### DATA PROVIDED ###

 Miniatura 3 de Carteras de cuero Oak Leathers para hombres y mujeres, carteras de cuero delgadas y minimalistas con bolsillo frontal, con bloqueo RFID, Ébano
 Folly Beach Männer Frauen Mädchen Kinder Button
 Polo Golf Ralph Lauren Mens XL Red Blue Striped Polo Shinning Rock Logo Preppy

###

EXERCISE AIM → The entire listing is to be repeated exactly.

EXERCISE ANSWER →
 Miniatura 3 de Carteras de cuero Oak Leathers para hombres y mujeres, carteras de cuero delgadas y minimalistas con bolsillo frontal, con bloqueo RFID, Ébano
 Folly Beach Männer Frauen Mädchen Kinder Button
 Polo Golf Ralph Lauren Mens XL Red Blue Striped Polo Shinning Rock Logo Preppy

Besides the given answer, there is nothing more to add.